Ces préoccupations sont légitimes, et le rapporteur les partage en grande partie. La question est de savoir quel est le bon moyen d'y répondre .

À l'évidence, le renforcement de la coopération internationale, l'accroissement des obligations des États vis-à-vis des autres États et de l'ensemble des êtres humains, la consolidation de leur responsabilité juridique internationale, voire la mise en place de nouveaux mécanismes de décision au niveau mondial n'impliquant pas l'unanimité des États, ne passent pas d'abord par une modification des textes de droit interne, mais par la négociation et la conclusion de nouvelles conventions internationales, voire (hypothèse d'école) par la constitution d'un nouveau sujet de droit ayant compétence pour imposer ses décisions aux États.

Néanmoins, une révision de la Constitution française serait-elle dénuée de tout effet juridique sur l'action de la France envisagée dans sa dimension mondiale - pour s'en tenir à une formulation englobante ? La réponse à cette question appelle plusieurs distinctions.
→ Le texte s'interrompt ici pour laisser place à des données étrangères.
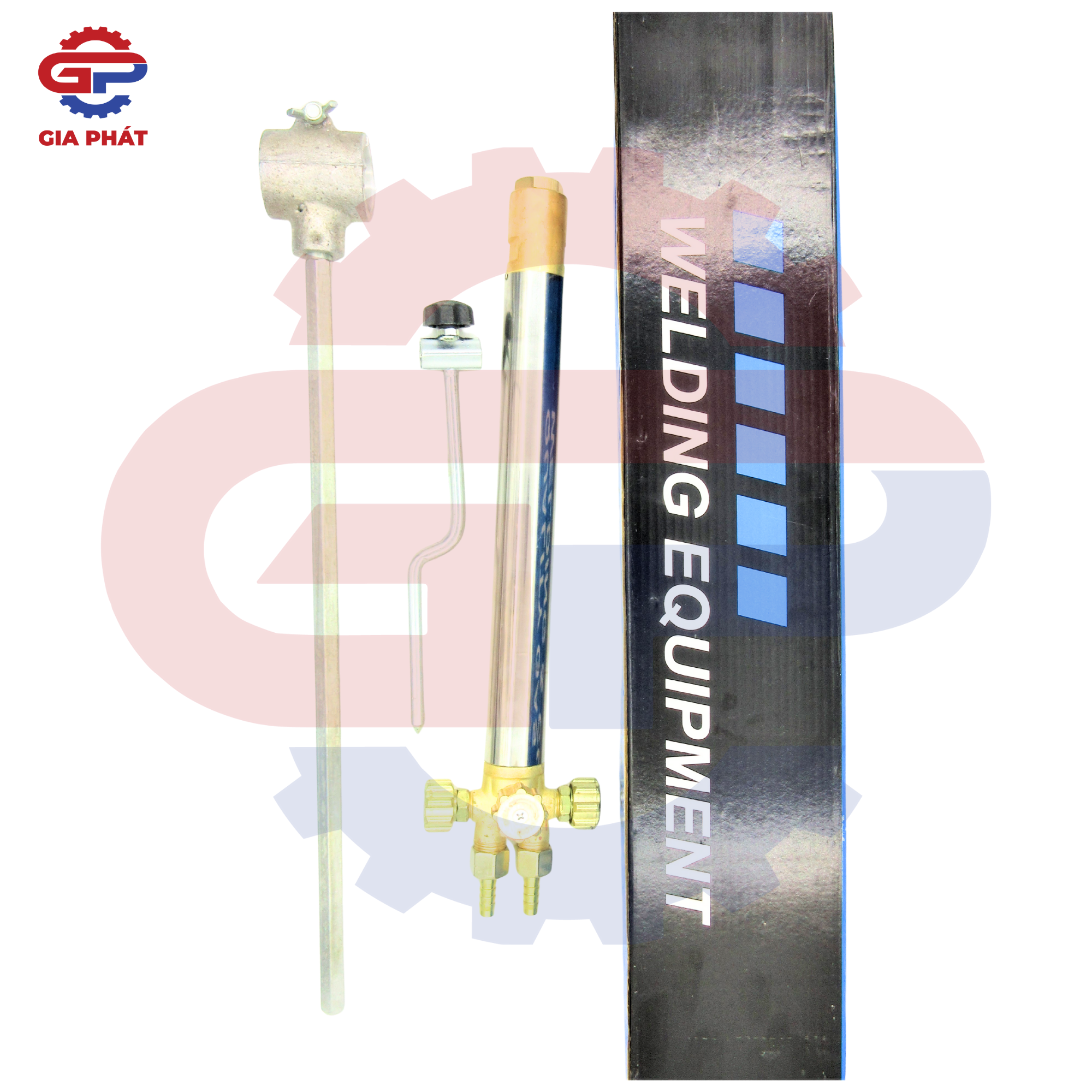 Đèn cắt gió đá đứng compa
A. DES RÈGLES CONSTITUTIONNELLES DE FOND RELATIVES À L'ACTION DE LA FRANCE DANS LE MONDE : PRÉCÉDENTS

À titre liminaire, il convient de noter que le bloc de constitutionnalité comprend déjà des dispositions de fond touchant à l'action de la France dans le monde .
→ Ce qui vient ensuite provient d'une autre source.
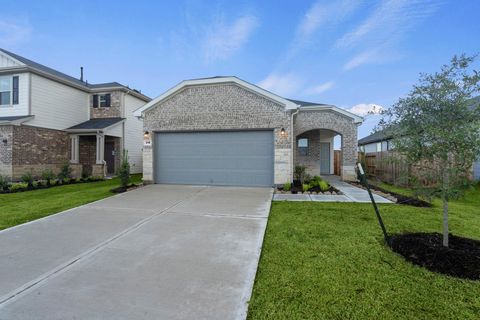 Photo of 318 Bismuth Drive, Crosby, TX 77532 (MLS # 93860681)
Si l'on excepte le principe général selon lequel la République se conforme aux règles du droit public international, ainsi que les dispositions du titre XV de la Constitution (relatives à la participation de la France à l'Union européenne), il s'agit principalement :

- de la seconde phrase du quatorzième alinéa du Préambule de la Constitution de 1946, selon laquelle la République française « n'entreprendra aucune guerre dans des vues de conquête et n'emploiera jamais ses forces contre la liberté d'aucun peuple » ;

- du quinzième alinéa du même Préambule, qui dispose que « Sous réserve de réciprocité, la France consent aux limitations de souveraineté nécessaires à l'organisation et à la défense de la paix . » ;

- de l'article 10 de la Charte de l'environnement, selon lequel celle-ci « inspire l'action européenne et internationale de la France » ;

- de l'article 87 de la Constitution, ainsi rédigé : « La République participe au développement de la solidarité et de la coopération entre les États et les peuples ayant le français en partage. »

Ces dispositions n'ont, en l'état de la jurisprudence, qu'une très faible portée juridique .
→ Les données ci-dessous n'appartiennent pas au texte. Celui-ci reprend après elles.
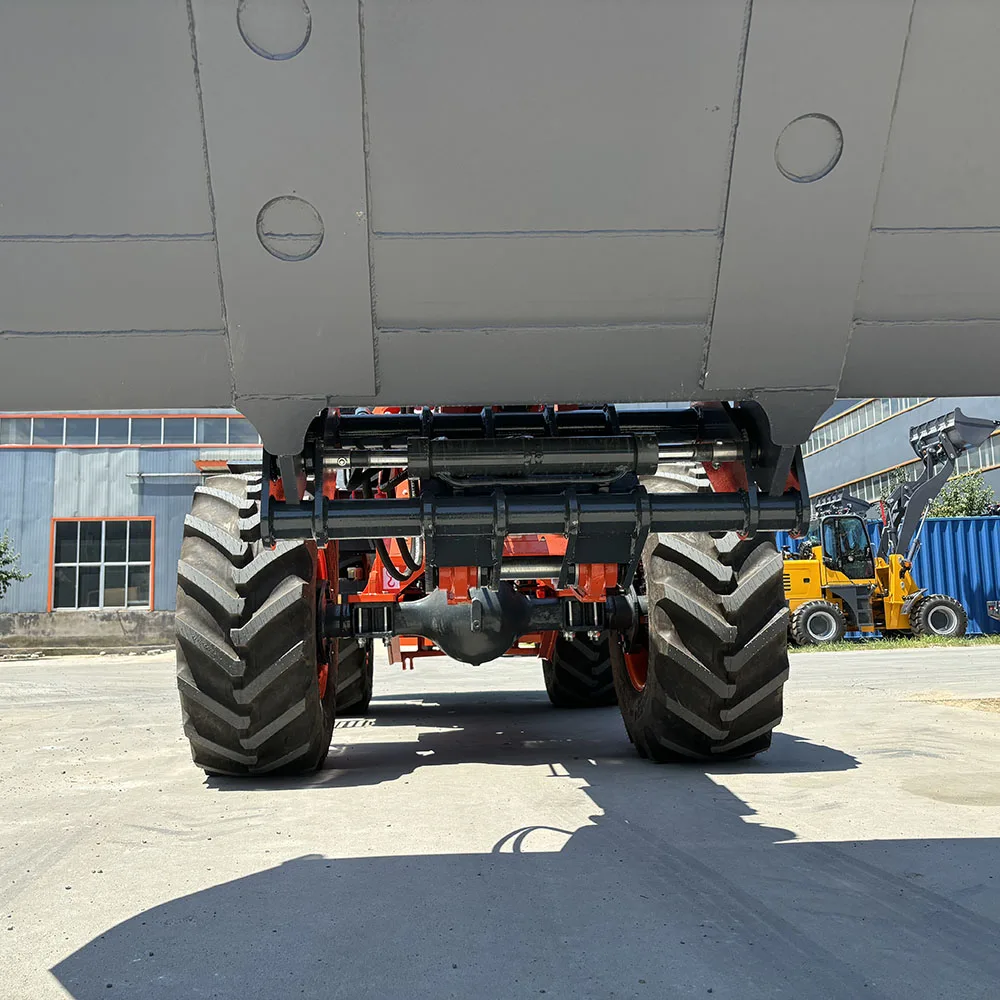 HIGH Quality CE china 3ton front end telescopic construction machine 4 wheel drive telescopic loader for sale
S'agissant du principe selon lequel la France consent, « sous réserve de réciprocité, (...) aux limitations de souveraineté nécessaires à l'organisation et à la défense de la paix », visé dans plusieurs décisions du Conseil constitutionnel ayant trait à la construction européenne, il a été jugé que, par lui seul, il n'autorisait aucun transfert « de tout ou partie de la souveraineté nationale à quelque organisation internationale que ce soit 64 ( * ) ».

Tout en reconnaissant la valeur constitutionnelle du principe selon lequel la République « n'entreprendra aucune guerre dans des vues de conquête et n'emploiera jamais ses forces contre la liberté d'aucun peuple », le Conseil constitutionnel a écarté le grief tiré de sa prétendue violation lorsqu'il a été saisi de la loi relative aux conséquences de l'autodétermination des îles des Comores 65 ( * ) . Il n'exerce par ailleurs aucun contrôle sur la décision du Parlement d'autoriser une déclaration de guerre. Quant au Conseil d'État, il refuse également de connaître de la décision prise par les autorités de l'État d'engager les forces armées 66 ( * ) .

Quant à l'article 10 de la Charte de l'environnement et à l'article 87 de la Constitution, ils n'ont jamais été invoqués devant le Conseil constitutionnel, non plus, semble-t-il, que devant la juridiction administrative.


* 64 Décision du Conseil constitutionnel n° 76-71 DC du 30 décembre 1976.

* 65 Décision du Conseil constitutionnel n° 75-59 DC du 30 décembre 1975.

* 66 CE, 5 juillet 2000, n os 206303 et 206965.